_Action item_
Print every line of the listing below, starting with the line that holds "2015 GMC Terrain" and going on through the line that holds "Powerbank ACL PW-85", both included, and print nothing else.

Given data below:

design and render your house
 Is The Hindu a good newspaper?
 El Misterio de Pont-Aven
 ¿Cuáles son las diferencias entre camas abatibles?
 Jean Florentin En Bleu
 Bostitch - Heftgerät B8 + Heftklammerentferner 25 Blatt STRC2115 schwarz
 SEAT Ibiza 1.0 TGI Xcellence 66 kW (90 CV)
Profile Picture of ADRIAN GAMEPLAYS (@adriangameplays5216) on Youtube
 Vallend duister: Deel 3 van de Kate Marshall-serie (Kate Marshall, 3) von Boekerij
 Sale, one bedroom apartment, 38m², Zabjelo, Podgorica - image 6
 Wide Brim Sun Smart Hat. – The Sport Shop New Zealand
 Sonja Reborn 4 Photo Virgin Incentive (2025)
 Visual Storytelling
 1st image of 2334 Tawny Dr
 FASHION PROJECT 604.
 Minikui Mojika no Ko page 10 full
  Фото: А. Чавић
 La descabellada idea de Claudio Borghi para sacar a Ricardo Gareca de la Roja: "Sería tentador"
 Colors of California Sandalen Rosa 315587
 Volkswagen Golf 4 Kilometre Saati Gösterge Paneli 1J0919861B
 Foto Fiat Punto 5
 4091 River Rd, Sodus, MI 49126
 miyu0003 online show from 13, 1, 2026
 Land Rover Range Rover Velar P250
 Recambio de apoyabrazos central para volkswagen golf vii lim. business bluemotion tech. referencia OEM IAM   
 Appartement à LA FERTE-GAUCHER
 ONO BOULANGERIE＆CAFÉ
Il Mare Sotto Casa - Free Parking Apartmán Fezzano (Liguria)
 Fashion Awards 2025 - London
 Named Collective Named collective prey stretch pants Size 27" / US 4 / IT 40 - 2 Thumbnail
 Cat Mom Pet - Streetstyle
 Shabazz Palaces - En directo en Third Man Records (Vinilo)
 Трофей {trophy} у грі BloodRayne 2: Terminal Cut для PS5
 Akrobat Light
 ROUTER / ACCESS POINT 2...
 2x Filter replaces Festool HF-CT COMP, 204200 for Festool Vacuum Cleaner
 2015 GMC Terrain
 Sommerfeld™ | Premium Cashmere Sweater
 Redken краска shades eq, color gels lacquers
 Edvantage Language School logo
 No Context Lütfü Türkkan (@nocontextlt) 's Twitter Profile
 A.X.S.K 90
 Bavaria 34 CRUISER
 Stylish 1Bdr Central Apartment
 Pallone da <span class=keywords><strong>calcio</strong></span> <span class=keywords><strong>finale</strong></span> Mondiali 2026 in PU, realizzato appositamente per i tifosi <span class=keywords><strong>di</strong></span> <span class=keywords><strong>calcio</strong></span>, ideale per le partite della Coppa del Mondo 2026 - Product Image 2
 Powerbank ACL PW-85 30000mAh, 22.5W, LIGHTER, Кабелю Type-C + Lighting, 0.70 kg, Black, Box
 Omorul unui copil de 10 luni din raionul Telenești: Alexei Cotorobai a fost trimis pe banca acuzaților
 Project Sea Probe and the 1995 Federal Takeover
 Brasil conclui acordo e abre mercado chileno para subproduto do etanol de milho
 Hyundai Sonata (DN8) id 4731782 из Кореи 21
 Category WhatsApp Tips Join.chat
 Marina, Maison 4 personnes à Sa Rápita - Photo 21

End of Given data.

_Your solution_
 2015 GMC Terrain
 Sommerfeld™ | Premium Cashmere Sweater
 Redken краска shades eq, color gels lacquers
 Edvantage Language School logo
 No Context Lütfü Türkkan (@nocontextlt) 's Twitter Profile
 A.X.S.K 90
 Bavaria 34 CRUISER
 Stylish 1Bdr Central Apartment
 Pallone da <span class=keywords><strong>calcio</strong></span> <span class=keywords><strong>finale</strong></span> Mondiali 2026 in PU, realizzato appositamente per i tifosi <span class=keywords><strong>di</strong></span> <span class=keywords><strong>calcio</strong></span>, ideale per le partite della Coppa del Mondo 2026 - Product Image 2
 Powerbank ACL PW-85 30000mAh, 22.5W, LIGHTER, Кабелю Type-C + Lighting, 0.70 kg, Black, Box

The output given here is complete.